Friday, August 1, 2008

China's shift in its monetary policy

Recent press conference by Hu Jintao, stressing the need for growth,marked an important shift in direction of Chinese monetary policy. Inflation is still a big concern but balanced that with a call for continued growth. He said in this remarks, “We must maintain steady, relatively fast development and control excessive price rises as the priority tasks of macro adjustment.” Some of the policies adopted for fighting inflation will be shifted to support growth.

This shift does not come as a surprise to me, as Central government is facing intensive pressure from the governors from provinces in Eastern and Southern China, where exporting industry accounts for a large share of the economy, have been blaming the currency policy and pressuring central government for a change. Chinese exporting industry, especially those with low value-add industry, has been under pressure due to inflation in raw material,energy and wage, rising RMB and tightened credit market. During the first half of 2008, textile export to United States from Guangdong Provice dropped 31.3% to USD 10.8B (according to Caijing.com). Given the 7% rise in RMB, the export of textile dropped 38% in RMB term. As industries like textile are labor intensive, softness in these sectors put pressure on local employment. The labor markets in Eastern provinces like Jiangsu and Zhejinag are seeing softness the first time since 2002. As the smaller and weaker companies are shutting their doors, a potentially devastating crisis is the corporate debt that is often cross guaranteed. When a company, usually small or financially weak, failed to qualify a loan from bank, they often get a debt guarantee from major buyer or sister companies with same major share holder. Meanwhile the guarantor often obtains debt guarantee from a third company. Because the guarantor and guaranteed company are often financially linked (supplier/customer or business partner), the financial distress of one party might severely damage that of the other. The initiation of default on a small scale could trigger a chain reaction.
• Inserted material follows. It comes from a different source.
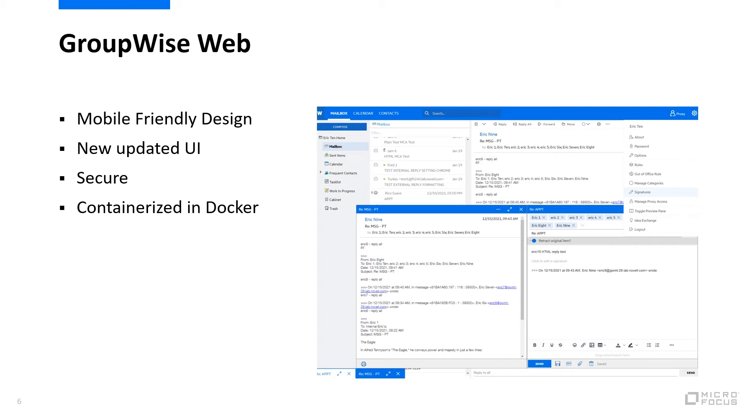To use these features, you must be on the latest version of GroupWise, currently 18.4.1, and if you are on maintenance, you get these upgrades for free.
The inflation fighting school in the communism party, lead my prime minister Wen Jiabao, is losing their voice in central government, as the rapid rise in RMB and tight lending policy in the first half of this year did not cool the inflation down as effective as some expected. Meanwhile sluggish exporting business in South and East China as the consequence of inflation fighting policy raised enormous pressure from angry and nervous politicians and business people in those area. I believe the central government is forced to adapt the relaxed policy as least for the near term. As the inflation is far from being well-controlled, I doubt such policy will be beneficial to Chinese economy. I predict the RMB will like to appreciate much slower in for short period than it did in the first half of this year, PPI will face upward pressure and stay about 10%. The government will exert more pricing control of key input material (energy, electricity, fertilizer and etc) will be extended. I do not think such price control will survive for a long period, as the supply of these raw material will drop and the price on the black market will rise further (this is already happening in coal market). The government will eventually recognize their failure in fight against the market trend and relaxes or gives up the price control. The raw material sector, coal in particular, and home building sector are likely to benefit from this policy. On the other hand, banks will likely to take more risk and weaken their balance sheet, which makes them extremely dangerous when the government shift back to tight monetary policy if inflation gets out of control.